Miami Herald: Democratic governor candidate mum on Emily’s List funds
Oct 20, 2009
The Miami Herald published this article on October 20, 2009
BY BETH REINHARD
Alex Sink’s campaign for governor calls her a model of government transparency but won’t disclose how much money she’s received from a group that solicits donations for Democratic women who favor abortion rights.
Emily’s List, one of the largest political action committees in the country, has been promoting Sink since late June. Sink raised $1.6 million between July and September but won’t say how much came from Emily’s List members.
“This is the Sunshine State. And now, more than ever, Floridians ought to have an open and transparent government,” reads Sink’s campaign web site.
Sink, the state’s chief financial officer since 2006, has shied from partisan politics and sought to emphasize her experience as a banker. The Republican frontrunner for governor, Bill McCollum, has badgered her to take sides on controversial issues like a government-run healthcare plan and union-backed legislation in Congress, but Sink won’t take the bait.
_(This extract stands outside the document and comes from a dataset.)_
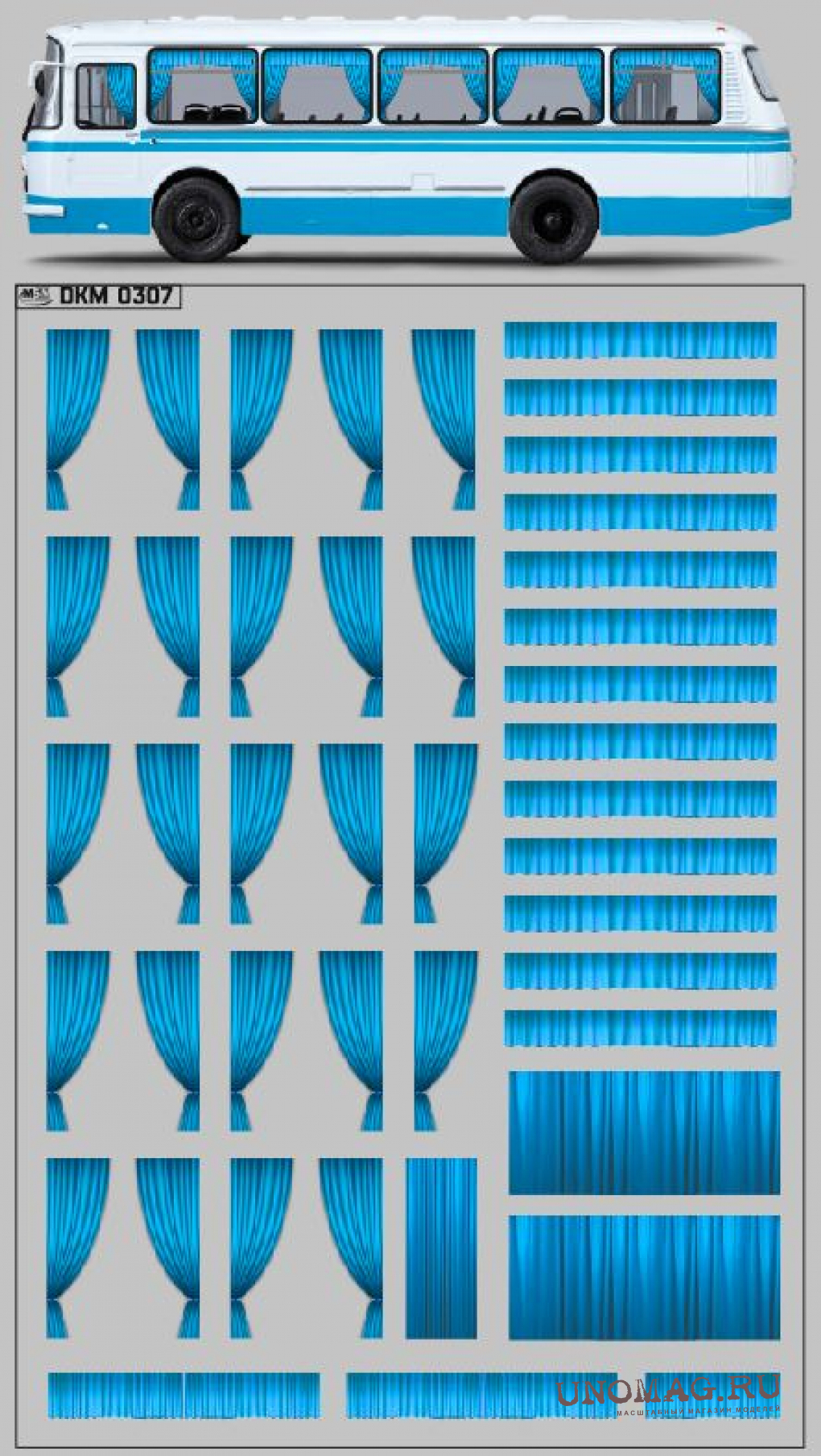 Набор декалей Шторки для ЛАЗ всех моделей (100х140), голубой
She’s outraising McCollum, 2 to 1, partly due to her success at courting some top Republican donors.
“Emily’s List is perceived as a liberal women’s group, and she’s trying to run a moderate campaign,” said Ric Sisser, a Miami political consultant who has co-hosted fundraisers for Sink. “Against a conservative like McCollum, it’s not necessarily something you want to wave as a banner. It’s smart politics.”
McCollum, too, has sought to moderate his image. He declined last month to take a stand on a proposed constitutional amendment that would define a fetus as a person — thereby outlawing abortion and possibly birth control — even though he co-sponsored a similar initiative in Congress.
A campaign spokeswoman said McCollum did not see the 1988 congressional resolution as a contraception ban, but said he would not comment on the proposed amendment unless it makes the ballot.
Sink’s silence on Emily’s List donations contrasts with other Florida Democrats who have been backed by the group, such as Senate candidate Betty Castor in 2004 and U.S. Rep. Suzanne Kosmas of Orlando in 2008. Federal candidates have to report which donations came from Emily’s List members, while state candidates do not, according to the Center for Responsive Politics in Washington.
“We file a very thorough report every quarter, and the campaign has the support of Emily’s List members who believe in Alex Sink and her leadership,” said Sink’s campaign manager, Paul Dunn.
Emily’s List spokesman Matt Burgess did not respond to phone calls and e-mails. The group’s policy is not to disclose how much money it steers toward specific candidates.
Sink’s web site mentions endorsements from the Florida AFL-CIO and the Florida Education Association, but not from Emily’s List.
Sink has been outspoken about reforming the state’s pension board. She wants to expand the State Board of Administration to provide better oversight.
But at the Florida Democratic Party’s recent conference in Orlando, the hottest topic was healthcare reform. Activists shouted their support for a “public option” to compete with private insurers. Sink has declined to weigh in on a government-run plan, saying as a candidate for governor she is focused on potential Medicaid costs.
McCollum spokeswoman Shannon Gravitte framed Sink’s refusal to talk about Emily’s List donations as the candidate ducking another controversial issue.
“Here we go again,” she said. “It’s more of that pattern of silence on tough questions.”